**WHAT YOU SHOULD DO**
Once the line with "Purple bandhani lehenga" is found in the data, output it and each following line exactly, up to and including the line with "Bowl of spicy", and nothing before or after.

**Records from a data source**
╔══
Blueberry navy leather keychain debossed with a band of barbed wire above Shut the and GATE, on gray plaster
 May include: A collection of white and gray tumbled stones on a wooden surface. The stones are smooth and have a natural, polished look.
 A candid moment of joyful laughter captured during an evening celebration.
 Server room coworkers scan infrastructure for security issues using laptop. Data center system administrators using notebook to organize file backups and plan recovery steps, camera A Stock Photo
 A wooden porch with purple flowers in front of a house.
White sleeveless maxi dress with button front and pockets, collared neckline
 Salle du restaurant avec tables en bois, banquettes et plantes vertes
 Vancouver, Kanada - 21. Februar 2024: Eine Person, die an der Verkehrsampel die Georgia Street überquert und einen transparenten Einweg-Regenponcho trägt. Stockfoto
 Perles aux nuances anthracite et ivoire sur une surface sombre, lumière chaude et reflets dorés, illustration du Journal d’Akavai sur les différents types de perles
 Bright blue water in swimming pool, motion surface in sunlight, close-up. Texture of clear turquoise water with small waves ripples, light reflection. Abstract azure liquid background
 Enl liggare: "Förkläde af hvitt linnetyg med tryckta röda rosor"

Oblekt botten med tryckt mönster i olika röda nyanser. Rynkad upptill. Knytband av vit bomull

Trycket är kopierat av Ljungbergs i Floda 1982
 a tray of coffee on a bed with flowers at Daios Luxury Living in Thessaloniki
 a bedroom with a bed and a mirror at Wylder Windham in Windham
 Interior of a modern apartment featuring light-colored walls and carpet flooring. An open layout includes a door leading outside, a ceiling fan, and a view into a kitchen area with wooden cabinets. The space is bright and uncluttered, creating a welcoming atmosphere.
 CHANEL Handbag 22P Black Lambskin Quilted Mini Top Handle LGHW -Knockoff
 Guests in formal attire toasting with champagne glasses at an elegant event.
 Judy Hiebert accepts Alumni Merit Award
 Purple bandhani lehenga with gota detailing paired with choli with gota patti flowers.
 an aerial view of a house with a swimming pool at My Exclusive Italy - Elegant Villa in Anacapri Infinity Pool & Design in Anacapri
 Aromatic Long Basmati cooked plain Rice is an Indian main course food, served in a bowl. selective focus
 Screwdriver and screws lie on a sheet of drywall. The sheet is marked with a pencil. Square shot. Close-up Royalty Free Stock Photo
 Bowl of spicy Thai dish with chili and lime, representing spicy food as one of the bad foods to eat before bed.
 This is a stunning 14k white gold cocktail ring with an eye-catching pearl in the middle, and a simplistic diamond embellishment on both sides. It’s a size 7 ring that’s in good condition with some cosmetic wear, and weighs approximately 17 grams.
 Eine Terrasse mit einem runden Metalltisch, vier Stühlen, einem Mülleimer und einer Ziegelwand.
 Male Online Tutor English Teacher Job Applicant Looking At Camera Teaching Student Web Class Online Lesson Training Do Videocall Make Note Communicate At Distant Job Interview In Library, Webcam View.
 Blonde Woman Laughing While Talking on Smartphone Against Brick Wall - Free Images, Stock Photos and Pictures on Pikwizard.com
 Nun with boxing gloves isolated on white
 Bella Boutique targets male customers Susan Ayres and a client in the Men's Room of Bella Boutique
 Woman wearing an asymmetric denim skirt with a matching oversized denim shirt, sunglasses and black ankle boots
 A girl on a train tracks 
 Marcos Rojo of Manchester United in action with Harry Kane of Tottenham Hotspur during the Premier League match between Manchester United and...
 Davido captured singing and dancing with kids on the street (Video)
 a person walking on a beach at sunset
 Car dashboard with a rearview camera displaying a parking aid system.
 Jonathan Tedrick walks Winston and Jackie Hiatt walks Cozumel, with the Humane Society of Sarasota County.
╚══
**ANSWER AREA**
 Purple bandhani lehenga with gota detailing paired with choli with gota patti flowers.
 an aerial view of a house with a swimming pool at My Exclusive Italy - Elegant Villa in Anacapri Infinity Pool & Design in Anacapri
 Aromatic Long Basmati cooked plain Rice is an Indian main course food, served in a bowl. selective focus
 Screwdriver and screws lie on a sheet of drywall. The sheet is marked with a pencil. Square shot. Close-up Royalty Free Stock Photo
 Bowl of spicy Thai dish with chili and lime, representing spicy food as one of the bad foods to eat before bed.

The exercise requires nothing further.